Es drohen erhebliche Abstriche
Die geltenden Regelungen zur Lohnfortzahlung werden in Frage gestellt, es soll erhebliche Abstriche bei der Gesetzlichen Krankenversicherung geben und nun signalisiert der Bundeskanzler, die gesetzliche Rente könne in Zukunft allenfalls noch eine schmale Basisabsicherung sein. Sicher: Wer über die Zukunftsfähigkeit des Sozialstaats verhandelt, muss auch bereit sein, Dinge in Frage zu stellen. Dass der Sozialstaat aber dazu da ist, Arbeitnehmerinnen und Arbeitnehmer sowie ihre Familien abzusichern, muss Grundsatz bleiben. Dazu gehört eine gesetzliche Krankenversicherung, die auf hohem medizinischen Niveau Gesundheitsversorgung organisiert und eine gesetzliche Rente, die nach einem ganzen Arbeitsleben einen sorgenfreien Lebensabend ermöglichen muss.

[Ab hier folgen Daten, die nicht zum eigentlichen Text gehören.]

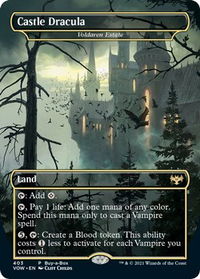 Castle Dracula - Voldaren Estate - Buy-A-Box Promos (BABP) #403 - Promo Magic: The Gathering Trading Card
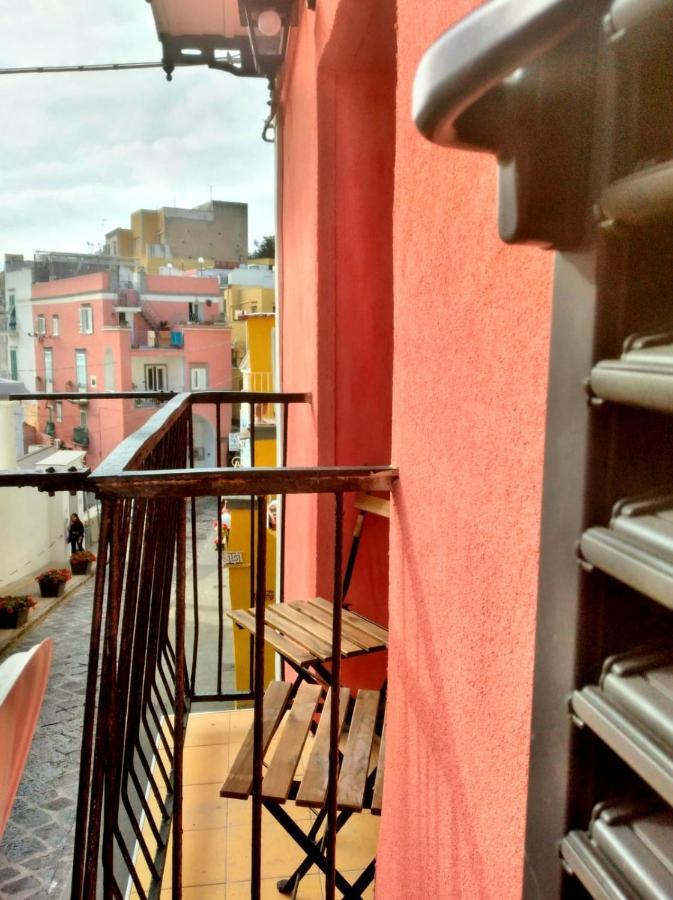 Casa Adriano Apartamento Procida Exterior foto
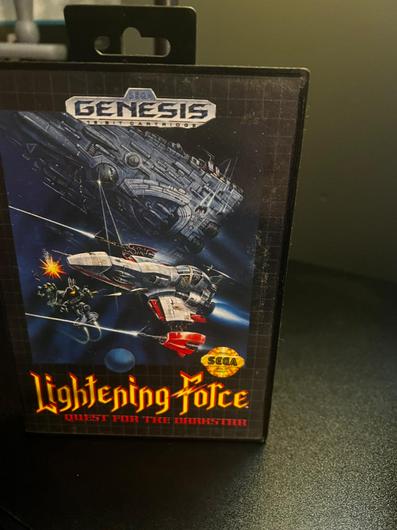 Lightening Force Quest for the Darkstar photo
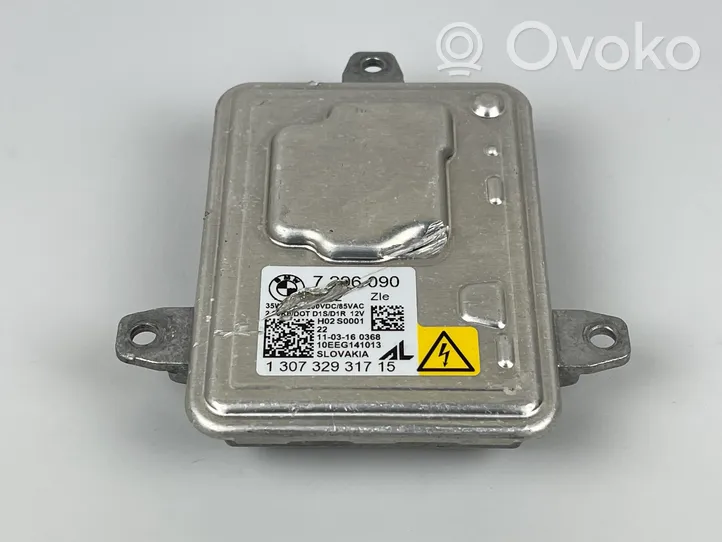 BMW 3 F30 F35 F31 Module de ballast de phare Xenon 7296090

Gesetzlich Versicherte einseitig belastet
Im Rahmen der Debatte werden vor allem Vorschläge diskutiert, die einseitig Arbeitnehmerinnen und Arbeitnehmer belasten sollen. Es muss Schluss damit sein, dass gesetzlich Versicherte einseitig belastet werden, um zum Beispiel die Krankenversicherung für Transfergeldempfänger mitzufinanzieren. Das belastet zwangsweise diejenigen über Gebühr, die auch aufgrund durchschnittlicher und niedriger Einkommen überhaupt nicht in die Private Krankenversicherung wechseln können. Sollte eine Finanzierung der Kosten über den Bundeshaushalt nicht möglich sein, müsste zwingend über die Einführung eines Solidarbeitrags für Privatversicherte geben, wie ihn die SPD auch schon lange einfordert.
Gerechtere Steuerpolitik
Die grundsätzliche Idee, die Ausgaben für die Krankenversorgung über Sozialbeiträge zu finanzieren, bleibt richtig: Die Beiträge der Beschäftigten und der Arbeitgeber werden an der Stelle errichtet, wo aus Arbeit Mehrwert geschaffen wird. Hiervor können selbst die Unternehmen nicht flüchten, die beispielsweise durch geschickte Konzern- und Firmenstrukturen kaum oder auch gar keine Steuern zahlen. Es ist an der Zeit, dass diese Privilegien bekämpft werden. Neben der Diskussion über die Zukunft des Sozialstaats und den Wert von Arbeit muss dringend über eine gerechtere Steuerpolitik mit entsprechenden Anpassungen zum Beispiel bei der Erbschaftssteuer für hohe Erbschaften diskutiert werden.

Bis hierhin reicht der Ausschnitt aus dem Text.